Secrets of the sunken city: An ancient metropolis under the Sea of Egypt
As he was preparing for another dive in Egypt’s Bay of Aboukir he came across a granite block that would forever change history as he discovered an ancient city that was believed to be a myth just like Atlantis is today. ‘Then I saw it,’ says the 68-year-old founder and director of the European Institute of Underwater Archaeology. ‘A giant block of granite.’ He cleaned the granite block as much as he could, until to his amazement, a giant toe emerged from the mud, discovering one of the seven pieces of an immense pink granite statue of the ancient Egyptian god of Fertility, Hapi.
However, the pieces of a once giant statue of Hapi were only a few of the hundreds of incredible artifacts discovered by Goddio and his crew which were recovered from the seabed located four miles off the coast as they rediscovered the lost ancient Egyptian cities of Thonis-Heracleion and Canopus. Thonis was considered one of the most important cities before the creation of Alexandria. Thonis came into existence in the 8th century at the Canopic branch of the River Nile, where numerous canals linked the city to nearby Canopus.
However, the road that eventually led to this incredible discovery was long. In 1933, while flying over the area, an RAF pilot noticed anomalous shadows in the water. He spoke of his sighting to a member of the Egyptian royal family whose home bordered the sea. Soon after a diver was sent down to investigate what the pilot had seen to discover the head of a statue of Alexander the Great.
‘I knew from ancient texts that Thonis-Heracleion and Canopus had existed,’ Goddio says. The ancient Greek travel writer Herodotus claimed there were great temples there and the pilot’s story increased Goddio’s suspicions.
‘There was an obvious reason why the cities had not been discovered on land. It was because they could not be on land.
The discovery is proof that there are countless treasures located below the Sea. Thonis-Heracleion is just one of the many sunken cities which were believed to be a myth until they were actually discovered.
‘It turned out that Herodotus was right,’ Goddio says. ‘He was talking about the kind of ships they used and we found the ships; over 80 wrecks. Everything he said has been confirmed – first by discovering the cities, the temple and specific artefacts. And we have barely touched it. There is much more out there.’

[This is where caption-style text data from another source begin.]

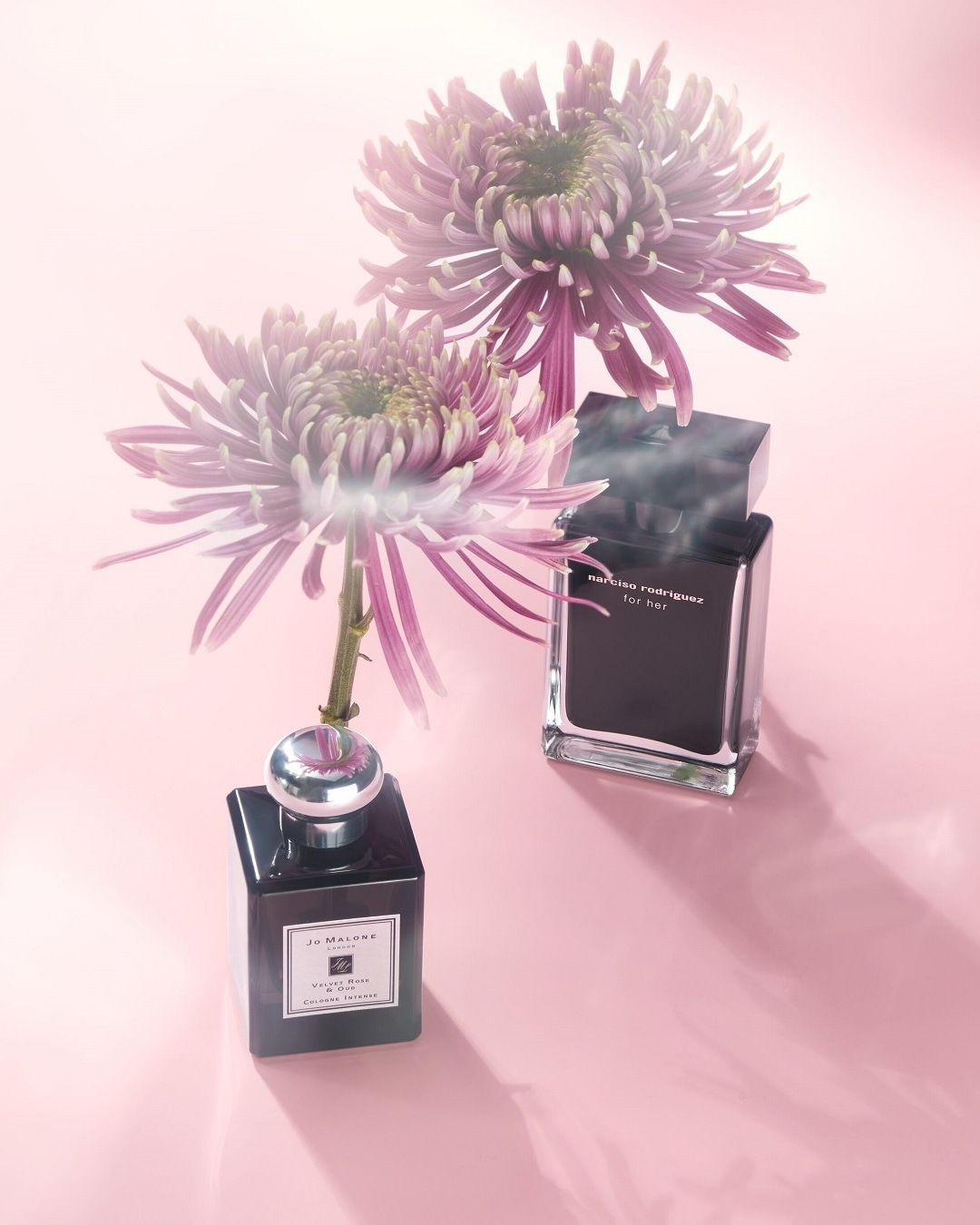 Dva flakóny parfumov Jo Malone Velvet Rose & Oud Cologne Intense a Narciso Rodriguez for her, obklopené ružovými kvetmi na ružovom pozadí.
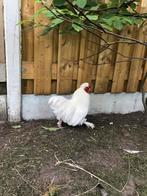 Haan, Dieren en Toebehoren, Pluimvee, Mannelijk, Kip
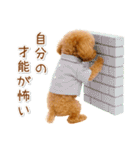 ポジティブな気持ちを伝える☆プードル（個別スタンプ：27）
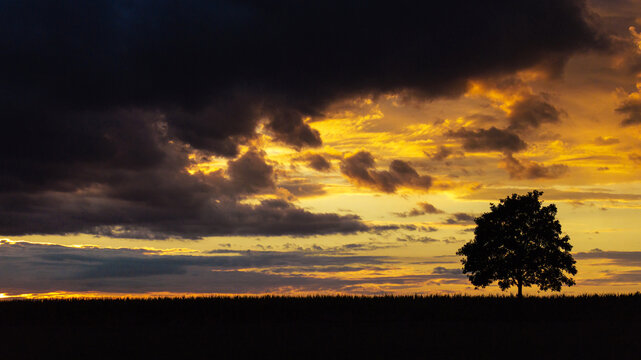 a tree in a beautiful evening sundown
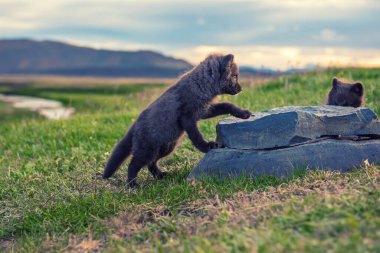 Kutup tilkisi yavrusu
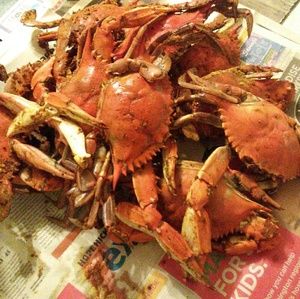 Meet your Posher, Daria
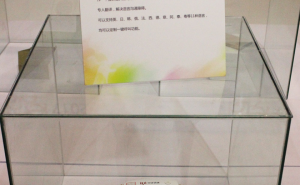 圖片6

Many large cities just like Heraklion, Alexandria and Canopus were destroyed by catastrophic natural disasters. Researchers from the University of Cambridge conducted a study of the Mediterranean tectonic plates and discovered that a geological fault could have caused a great earthquake and tsunami in the year 365 AD. According to scientists, the earthquake that struck the region in the past could happen again since they calculated that due to the geological features, the area is prone to catastrophic earthquakes every 800 years.
The fate of Heraklion was shared by other ancient cities that suffered similar catastrophes hundreds or thousands of years ago, some of them are like the ancient city of Alexandria, founded by Alexander the Great in 331 BC and the ancient city of Canopus.